Prompt |
Take the line containing "Runaway Bay Cabaña" and every line after it to the end of the records, and copy them exactly, leaving out pictures.

***

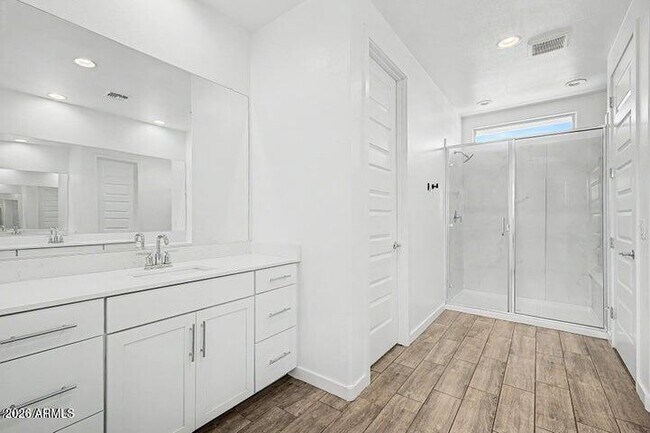 Building Photo - 670 S Owl Dr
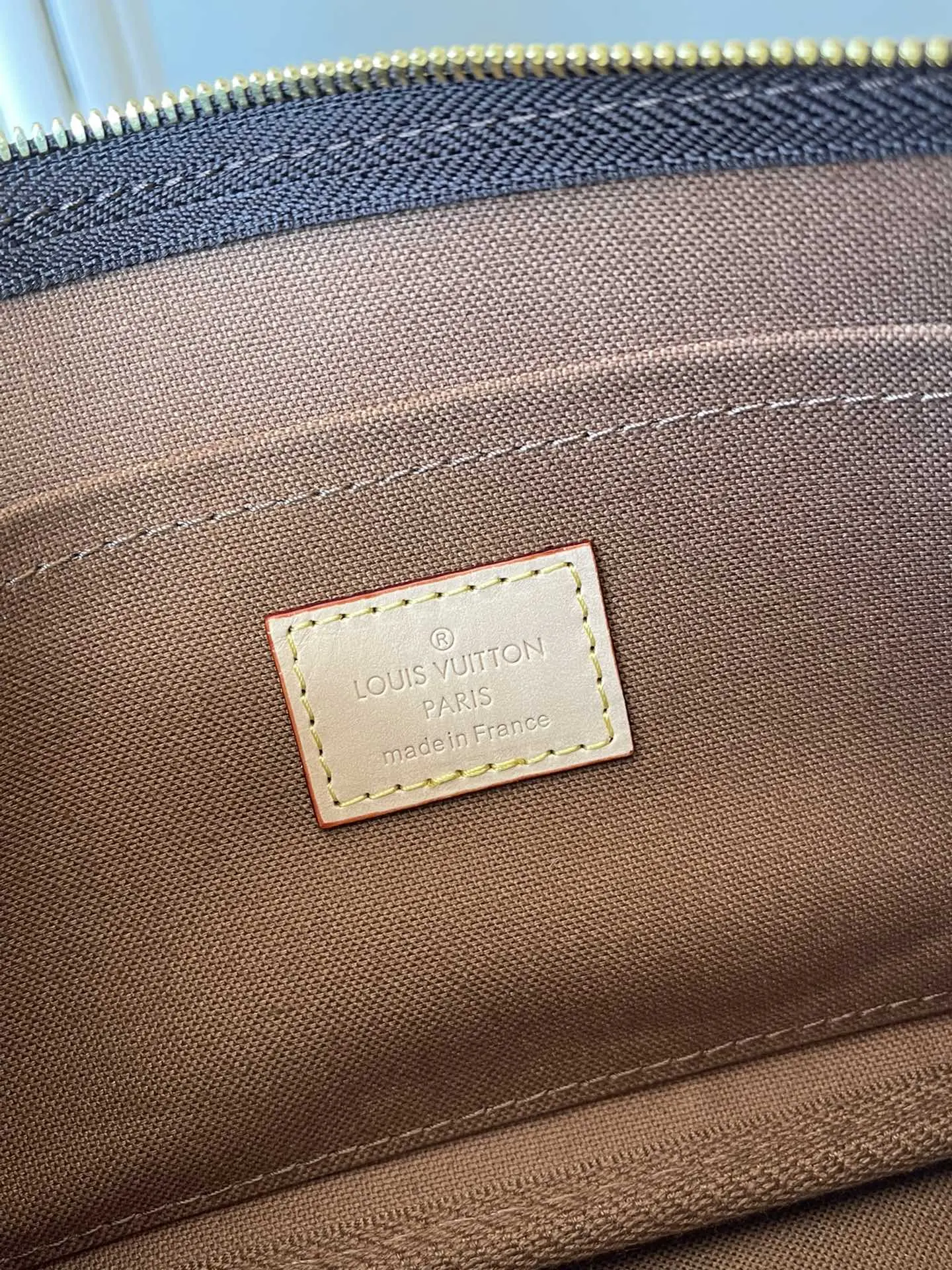 LV 粉色 綠色 帆布 鏈條包 精致鏈條款(數字9) LV 粉色 綠色 帆布 鏈條包 精致鏈條款(數字9)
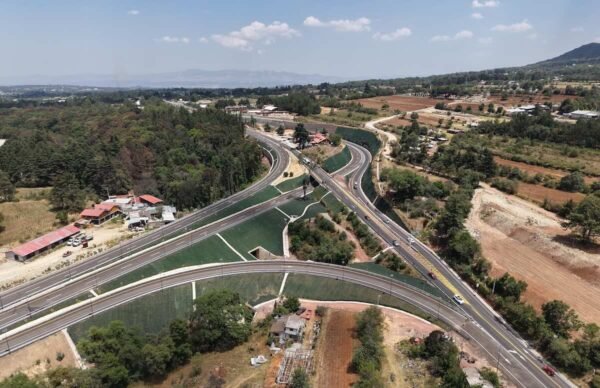 foto para nota de la carretera Real del Monte-Huasca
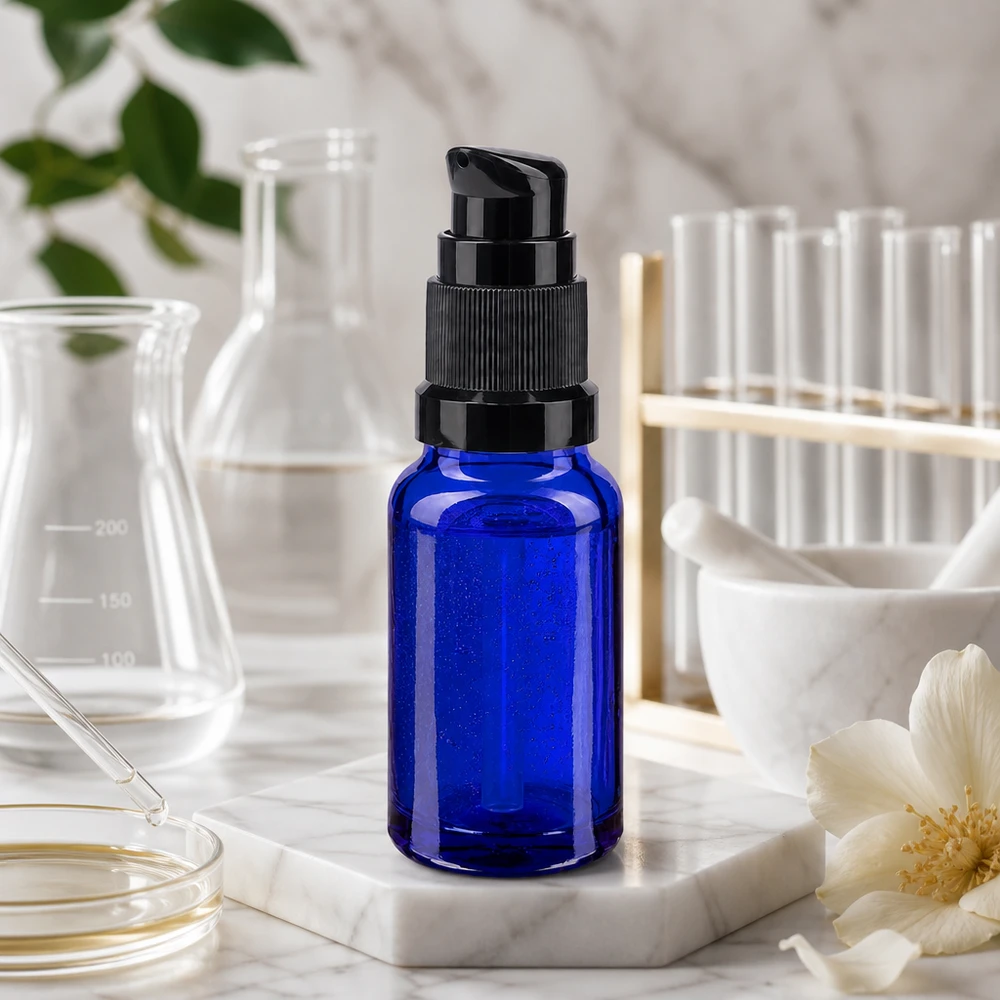 Blå 10 ml pumpeflaske af STD-apotekerglas med sort doseringsdispenser i laboratoriemiljø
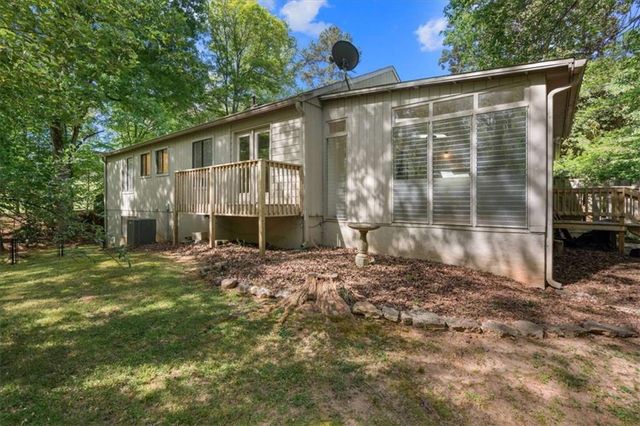 4962 Cherrydale Drive, Douglasville, GA 30135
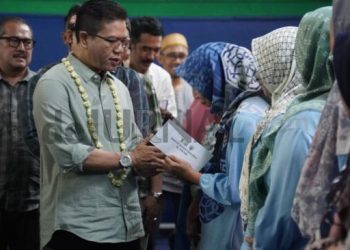 Bupati Bandung Apresiasi Pemerintah Desa, 55 KPM Warga Cileunyi Wètan Terima BLT  dari ADD dan ADPD
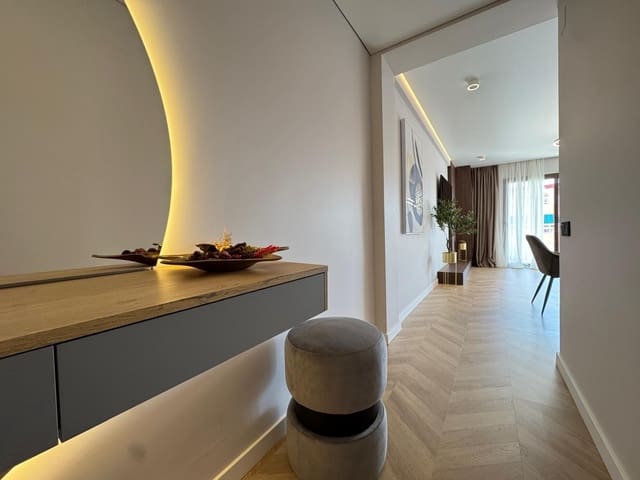 Apartamento de 3 habitaciones en Playa del Acequión, Torrevieja en venta con piscina - 320.000 € (Ref: 9023780)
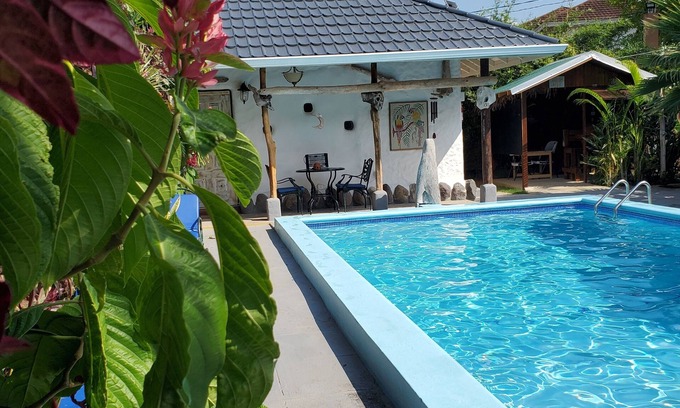 Runaway Bay Cabaña | Cozy Rustic 1BR Cottage - Free Parking, WiFi w/ Pool & Beach Access
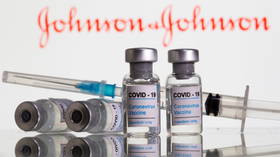 Le CDC accuse « l'anxiété de Covid » pour les effets indésirables, 164 fois plus de personnes s'évanouissent après avoir reçu le vaccin J&J par rapport au vaccin contre la grippe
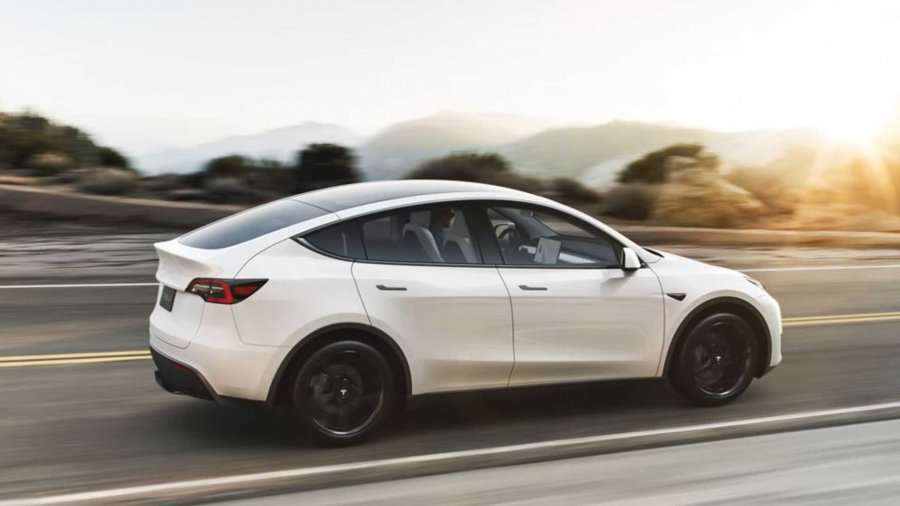 auto_tesla1630823919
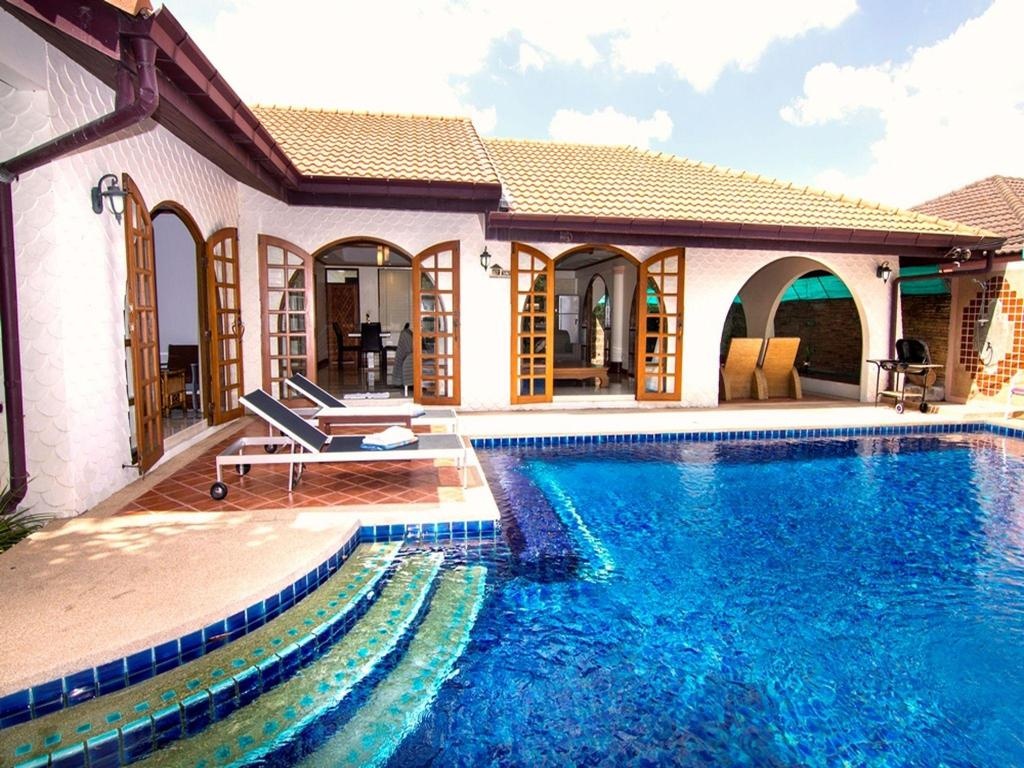 Grand Condo Lotus Pool Villa300meter From BeachpropertyviewsExterior View4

***

Answer to this task |
 Runaway Bay Cabaña | Cozy Rustic 1BR Cottage - Free Parking, WiFi w/ Pool & Beach Access
 Le CDC accuse « l'anxiété de Covid » pour les effets indésirables, 164 fois plus de personnes s'évanouissent après avoir reçu le vaccin J&J par rapport au vaccin contre la grippe
 auto_tesla1630823919
 Grand Condo Lotus Pool Villa300meter From BeachpropertyviewsExterior View4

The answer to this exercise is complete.